Wednesday, August 22, 2007

Onions, Starvation, and Big Brother: A Tough Day At the Office

What do professional cooks consider a bad day? You might think it was breaking a sauce, getting a burn, forgetting to entirely make something for service, or being to slow to get your orders out. While all of these are frustrating scenarios, a bad day for me in the office is being watched.

I've gotten burned; I've broken sauces; I've been forgetful and I have been slow. All of these can be fixed. You can put vitamin E on burns, you can rebuild a sauce, you can forget things, and you can get faster. But the one think a cook can't shove off his or her shoulders is being watched. Like Big Brother from the novel 1984, my Chef De Cuisine was watching my every move, making sure I was moving about the kitchen for my last hour of preparation perfectly and precisely.

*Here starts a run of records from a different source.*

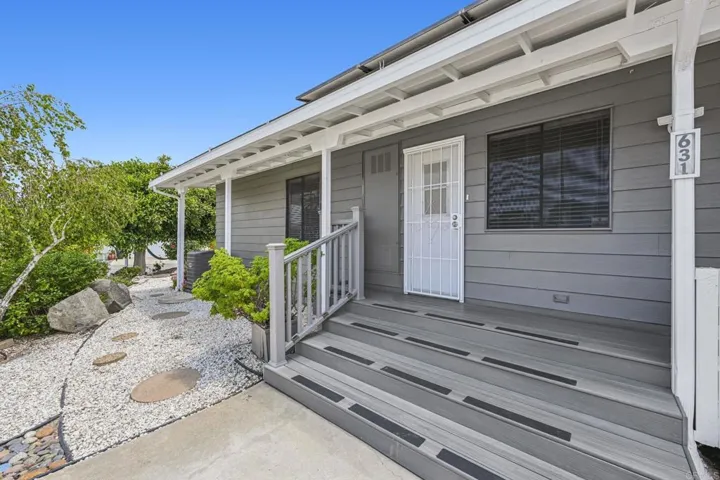 631 Via Costa Rica, Vista, California 92081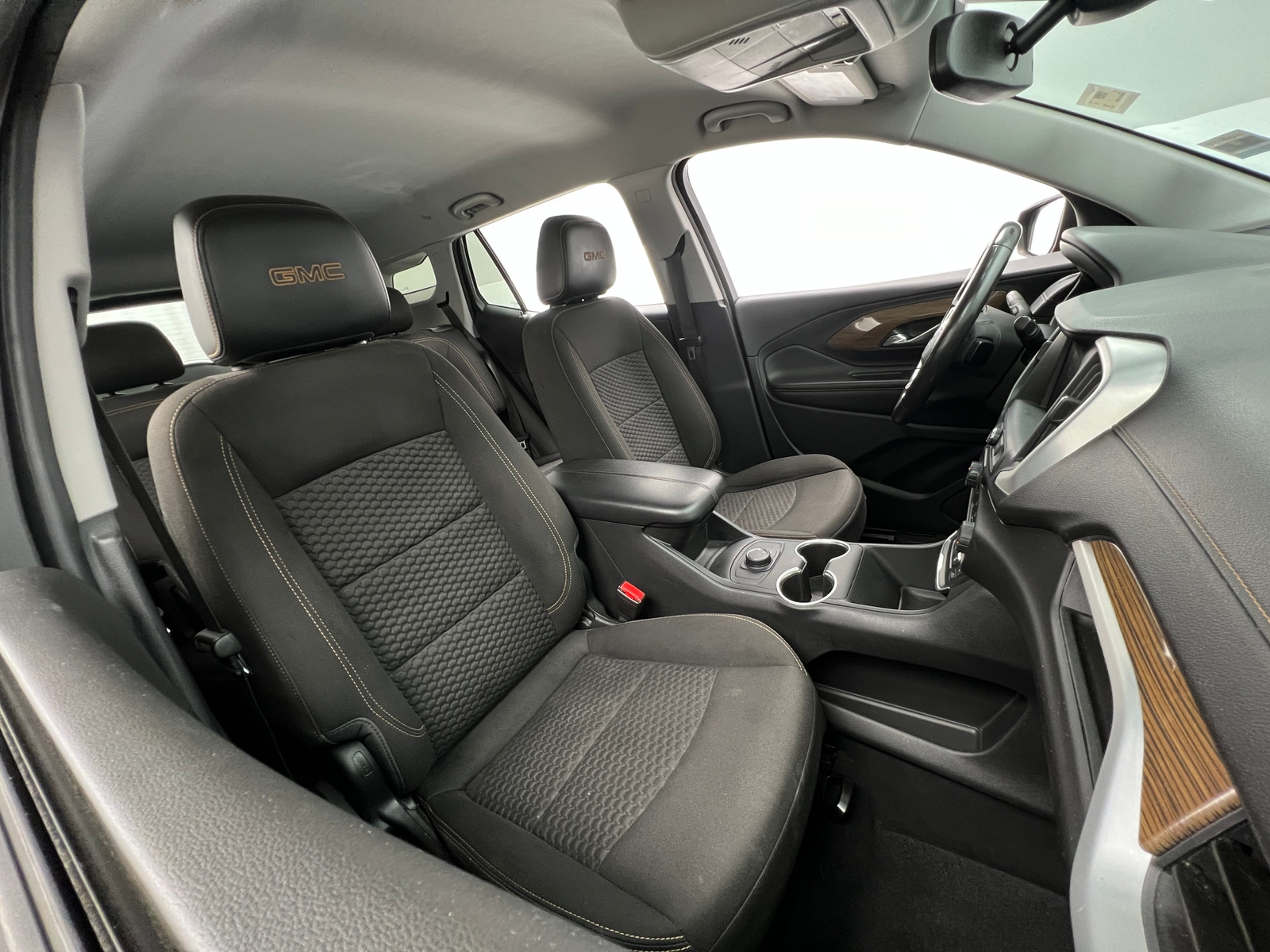 Thumbnail: 2020 GMC Terrain - 2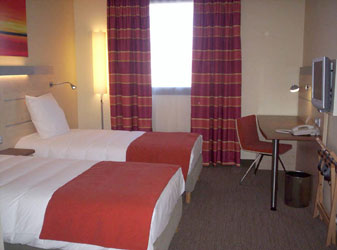 Hotel Express By Holiday Inn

The annoyance thickens especially when you last ate at 8 a.m. (a solid six hours before hand). This was my case. I last had half a bagel around 7:30 a.m. It was approaching two in the afternoon and my stomach was yelling at me ferociously.

I had completed the task that was assigned by the chef and looked over to my bluefish Caesar salad that the sous chef had prepared for me. Looking at it like I had never seen food before, I grabbed the fork and went in for the kill. Stabbing the lettuce and throwing it into my mouth, I savored the one bite. The one bite. "I want those onions done by three o'clock,” said the Chef De Cuisine. Twelve minutes to cut twelve white onions. Good God help me. I. Am. Starving.

I held my knife like a weapon in which I was about to use in battle; with a firm grip and eye piercing focus I went though those onions like I had twelve minutes to live. A little dramatic you may say. But we ALL have been hungry before and we all know what that's like.

The afternoon shift arrived and the gal working my station at night asked what needed to be prepped. So as I went for the list...."Are you done with the onions? You're already five minutes over" said the chef.

"Yes Chef" I replied. (The usage of this phrase is basically the only phrase you use to a chef higher than you. All the time)


I cleaned my station of the onion parts, the cutting board, and knife. I told Amber what she needed to prep and then I asked the chef where the onions should go. I then grabbed my now room temperature fish salad and snuck into the back. Against the dishwasher I ate my droopy salad in peace. The only thing I had to deal with now was the 50-minute bike ride home.